You have got to be kidding me.
Mind you, this is also after decades of murder, terrorism, robberies, corruption and unconstitutional policing by New Orleans’ finest, including the murders of Kim Groves, Ronald Madison, James Brissette, Henry Glover, Raymond Robair, Adolph Grimes III, Steven Hawkins, Justin Sipp, Wendell Allen and all the other men, women and children gunned down by the NOPD, tangible evidence of continuing racial profiling in the Mid-City Retail District and French Quarter and the recent attack on two Black teenagers in the French Quarter.
This is the mayor of White Chocolate City who has publicly described his Black critics as dysfunctional and called the cops involved in the shooting of Earl Sipp and the killing of Justin Sipp “heroes.”...
I don’t think this mayor gets how tired people of this city are of him.

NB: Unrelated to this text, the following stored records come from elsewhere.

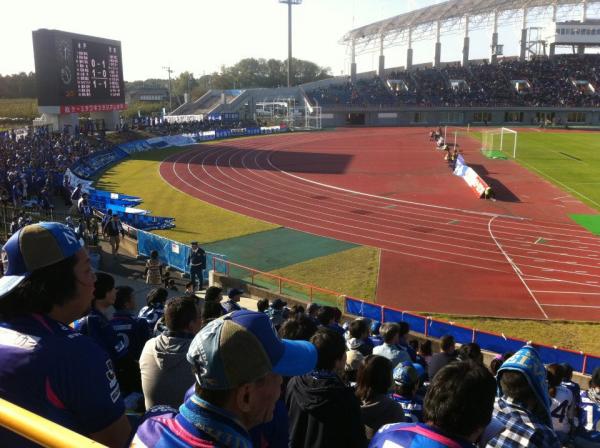 K's denki Stadium Mito - Mito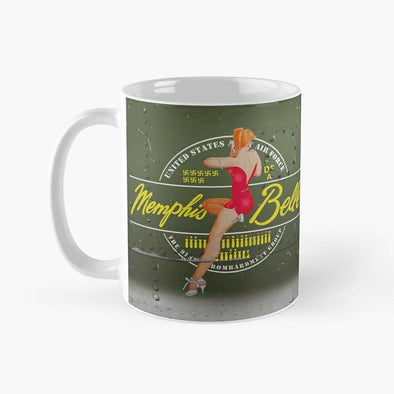 B-17 MEMPHIS BELLE Mug - Mach 5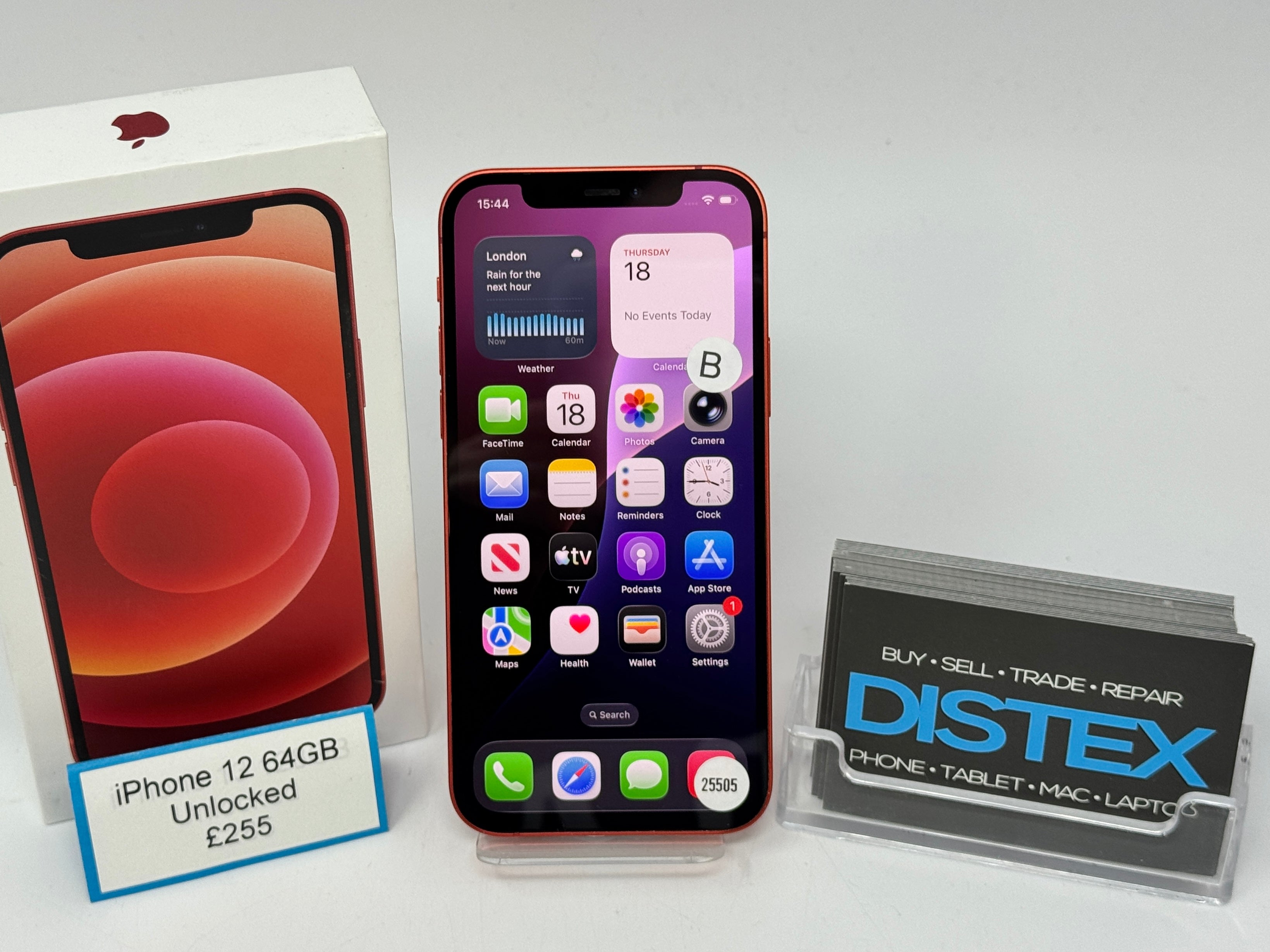 Apple iPhone 12 64GB Unlocked Red (B) M25505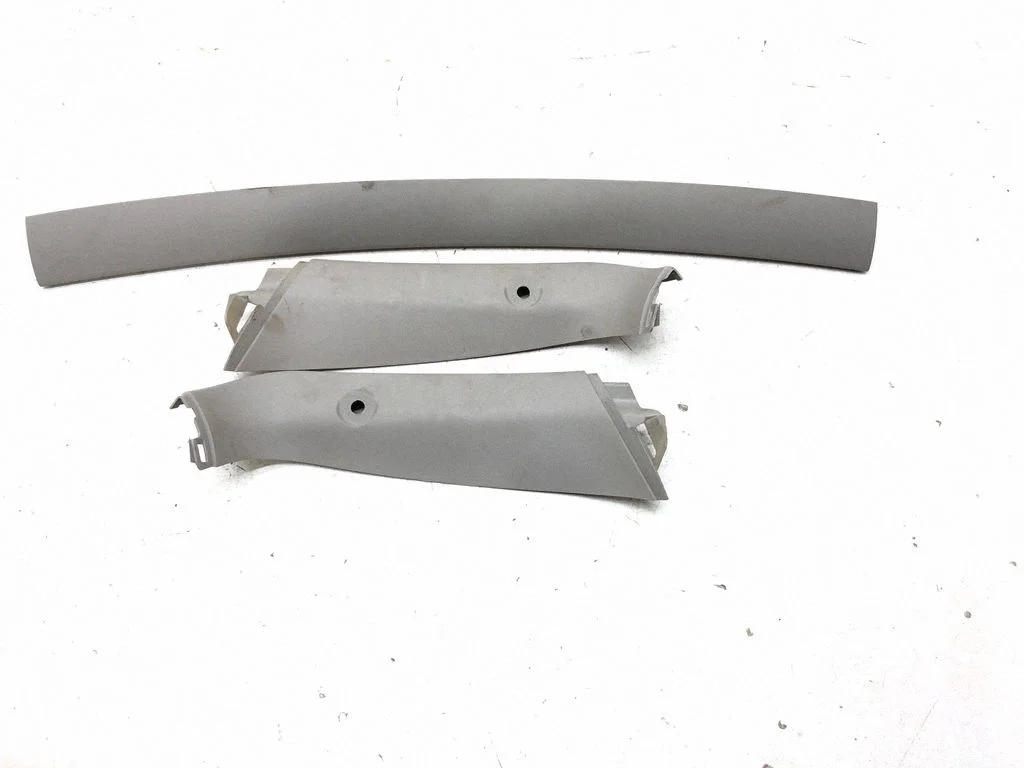 Tailgate/boot cover trim set 13276142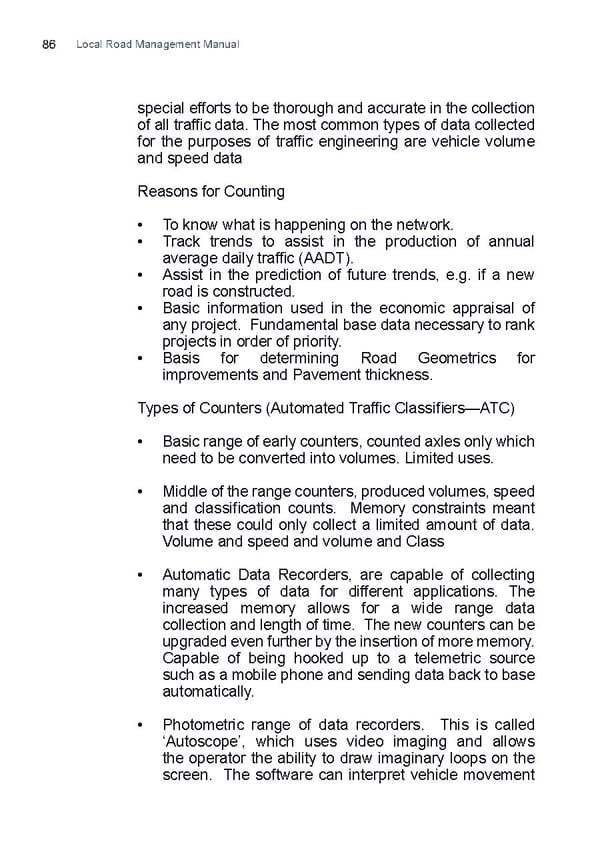 Local Road Management Manual - Page 87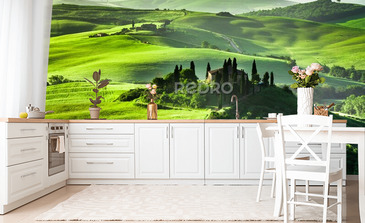 Visualisatie van het product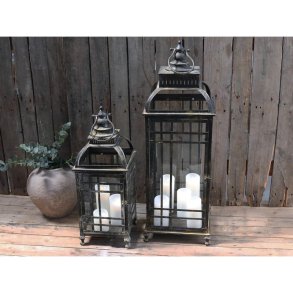 CHIC ANTIQUE LANTERNE - ANTIQUE SORT
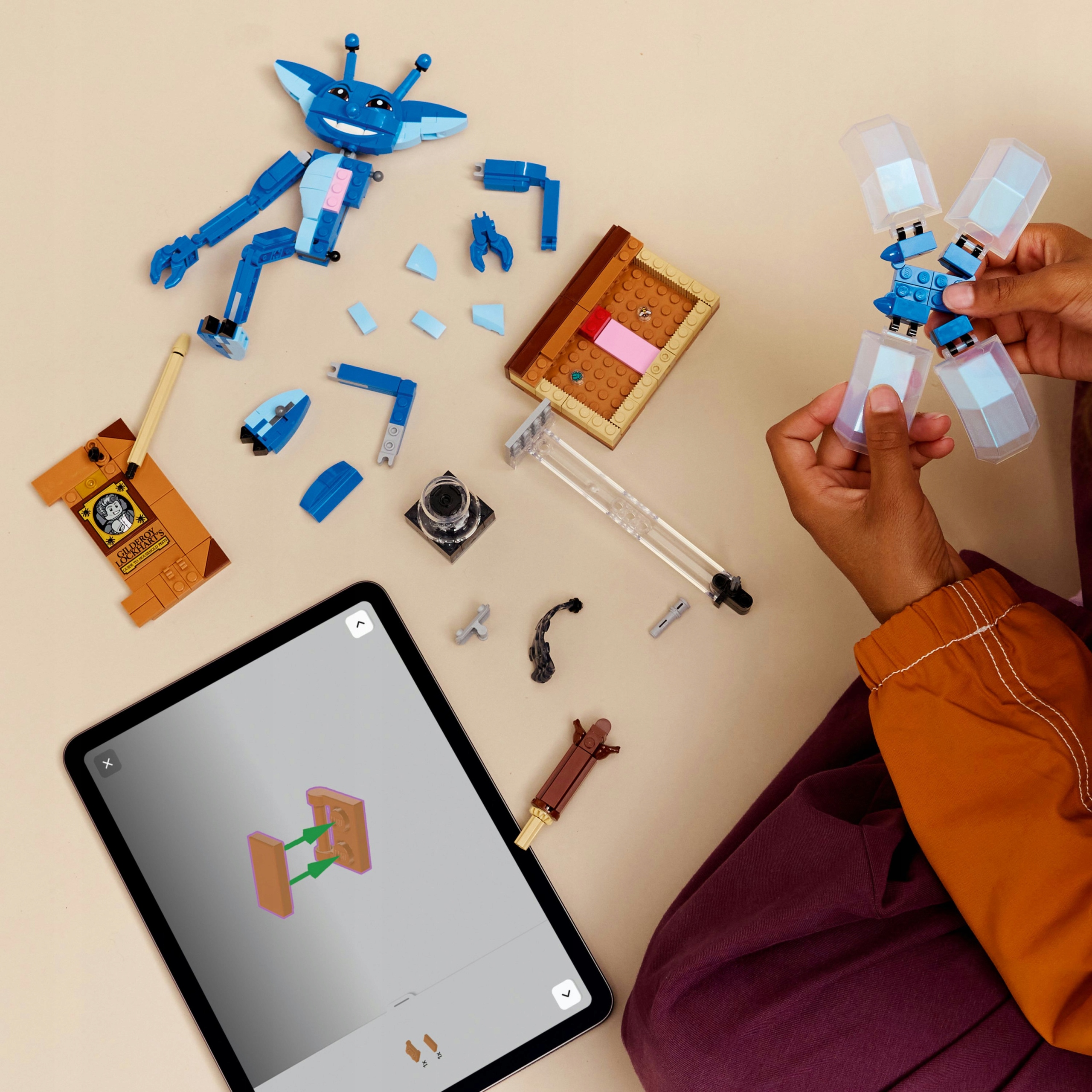 Lego Harry Potter kornvalio prigautuvas 76461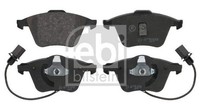 Febi Bilstein BremsbelÄGe Bremsbelagsatz Vorne Passend FüR Audi A6 Allroad C5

Even those who detested the mayor’s predecessor and once believed that anyone would be better than what we had after the Great Flood of 2005 are now questioning the wisdom of making such a declaration.
Cab drivers are tired of the mayor and the way he has undermined their ability to earn a decent living.
Minority contractors who continue to be locked out of opportunities to do business with the City of New Orleans are not happy with the mayor.
Civil-service workers who are being undermined by their boss at City Hall while watching him give his inner circle six-figure salaries are certainly tired of the mayor.
NORD referees who the city takes its time to pay are fed up with the mayor.
Residents who pay exorbitant property taxes but see no improvement in the infrastructure, no reduction in neighborhood blight or adequate police protection are sick and tired of this mayor and his shenanigans.
Civil rights groups and leaders who the mayor excluded from taking part in annual events commemorating the life of Martin Luther King Jr. and Juneteenth have certainly had their fill.
Elderly residents on fixed incomes who have been forced to pay more in Sewerage & Water Board bills and will likely be similarly fleeced by Entergy are sick of him.
Mothers whose sons have been racially profiled by the NOPD have had enough of this mayor.